Task item: From start to finish, set down the entries below exactly, leaving out the pictures.

++++++++++

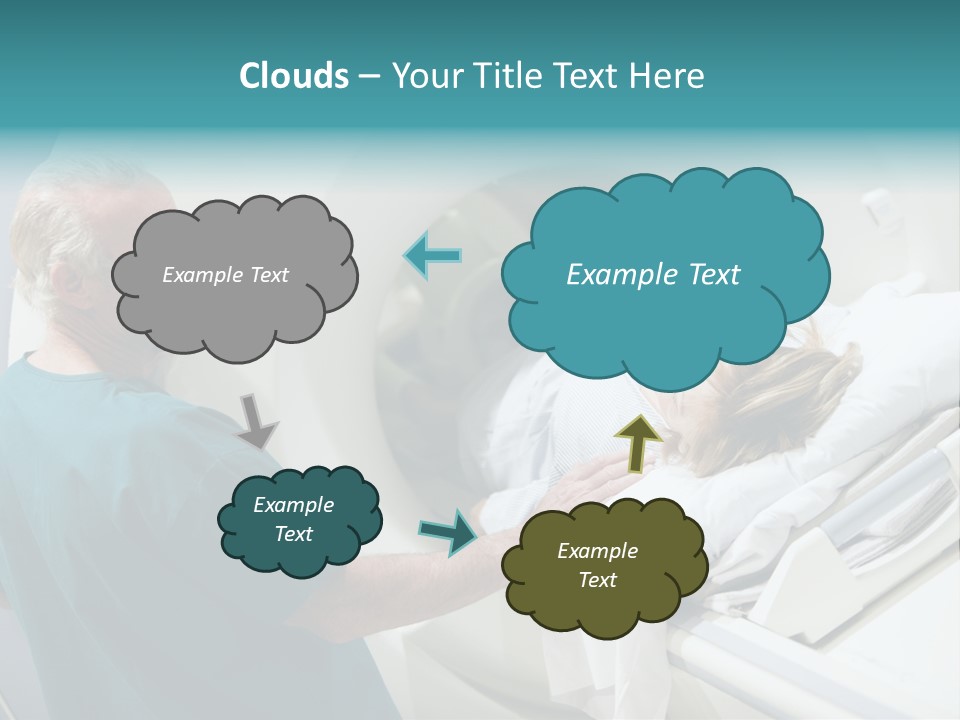 Doctor With Patient As They Prepare For A Computerized Axial Tomography (Cat) Scan PowerPoint Template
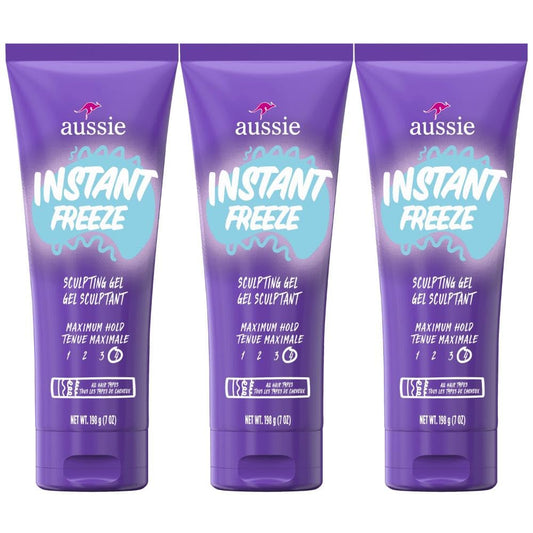 Aussie Instant Freeze Sculpting Hair Gel, Maximum Hold, No Flaking, Long-Lasting, with Jojoba Oil, Sea Kelp, Australian Aloe, Frizz Control, Citrus Beauty & Personal Care Aussie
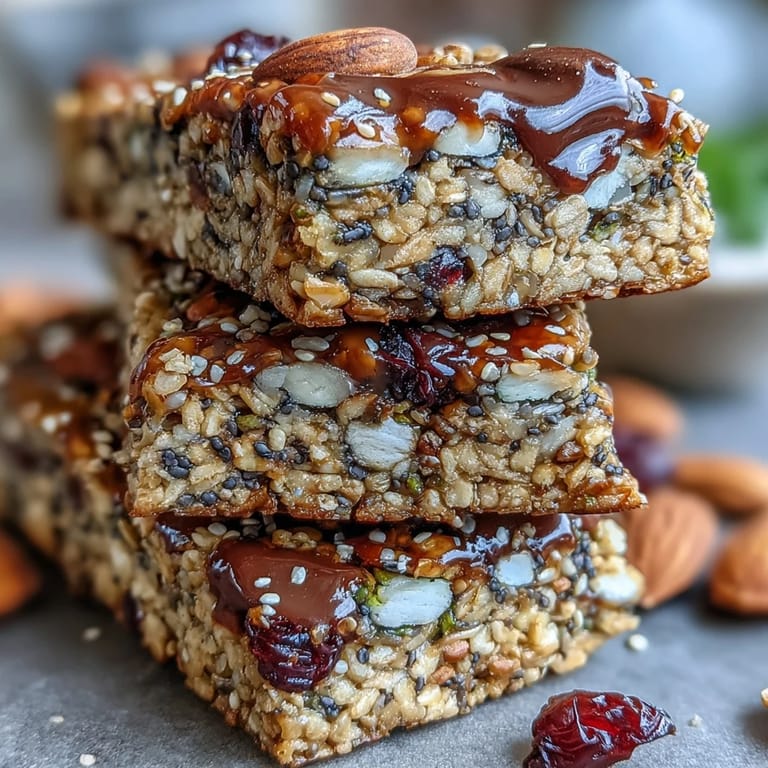 Nut-Free Granola Bars with Honey and Oats - Hearty, homemade granola bars featuring coconut, pumpkin seeds, and honey for a nutritious, allergen-friendly snack.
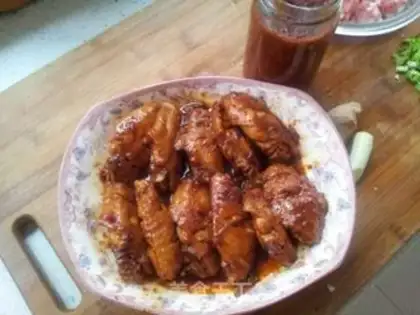 Make Garlic chicken wings step 6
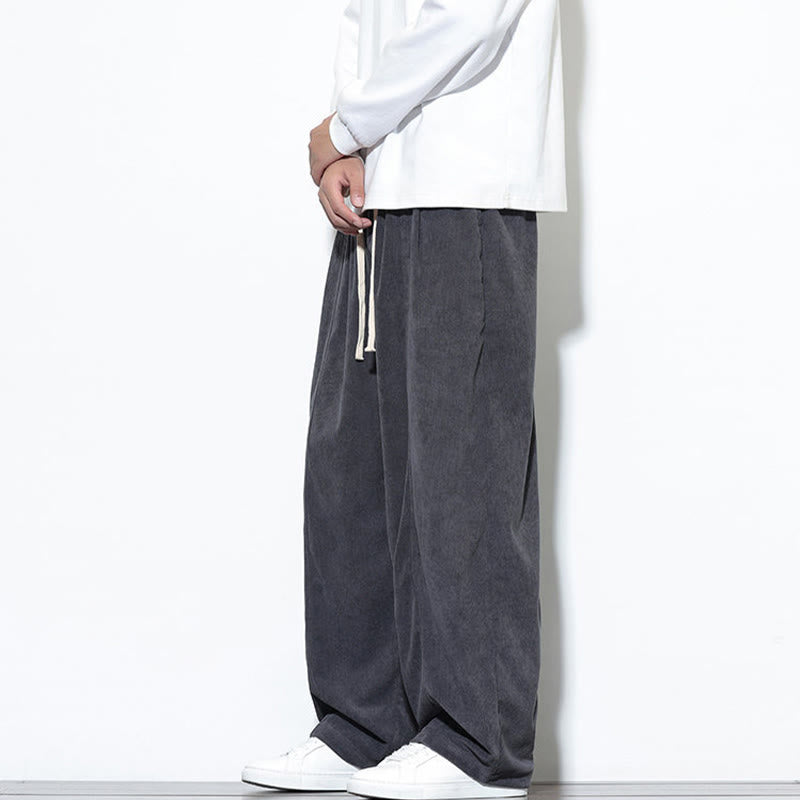 Buddha Stones Effen heren harembroek van puur corduroy met Zakken. - image 11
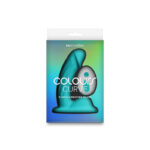 Colours Curve Vibrating 5 Dildo - Teal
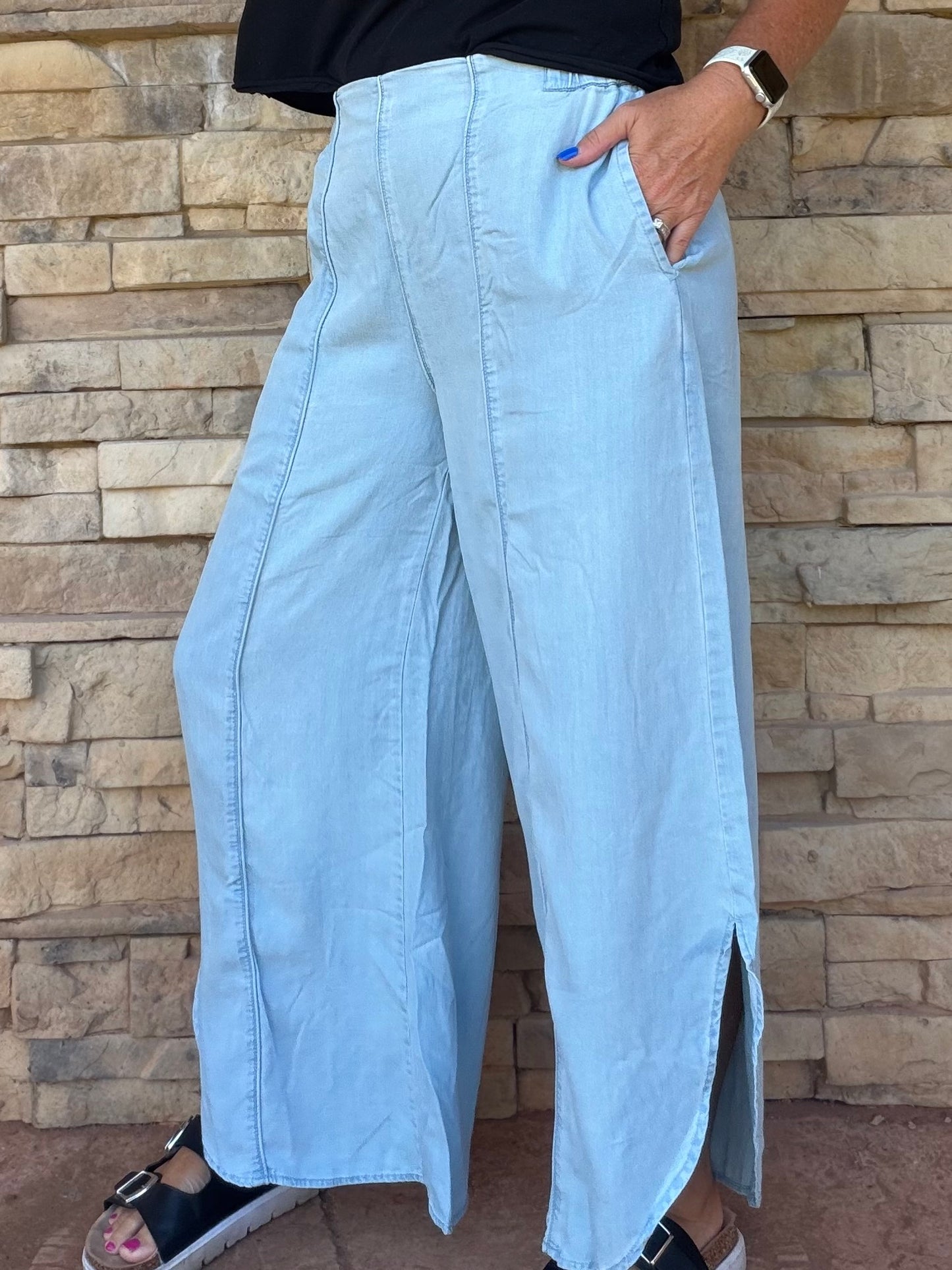 Tulip Pants, Light Denim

++++++++++

Exercise output:
 Doctor With Patient As They Prepare For A Computerized Axial Tomography (Cat) Scan PowerPoint Template
 Aussie Instant Freeze Sculpting Hair Gel, Maximum Hold, No Flaking, Long-Lasting, with Jojoba Oil, Sea Kelp, Australian Aloe, Frizz Control, Citrus Beauty & Personal Care Aussie
 Nut-Free Granola Bars with Honey and Oats - Hearty, homemade granola bars featuring coconut, pumpkin seeds, and honey for a nutritious, allergen-friendly snack.
 Make Garlic chicken wings step 6
 Buddha Stones Effen heren harembroek van puur corduroy met Zakken. - image 11
 Colours Curve Vibrating 5 Dildo - Teal
 Tulip Pants, Light Denim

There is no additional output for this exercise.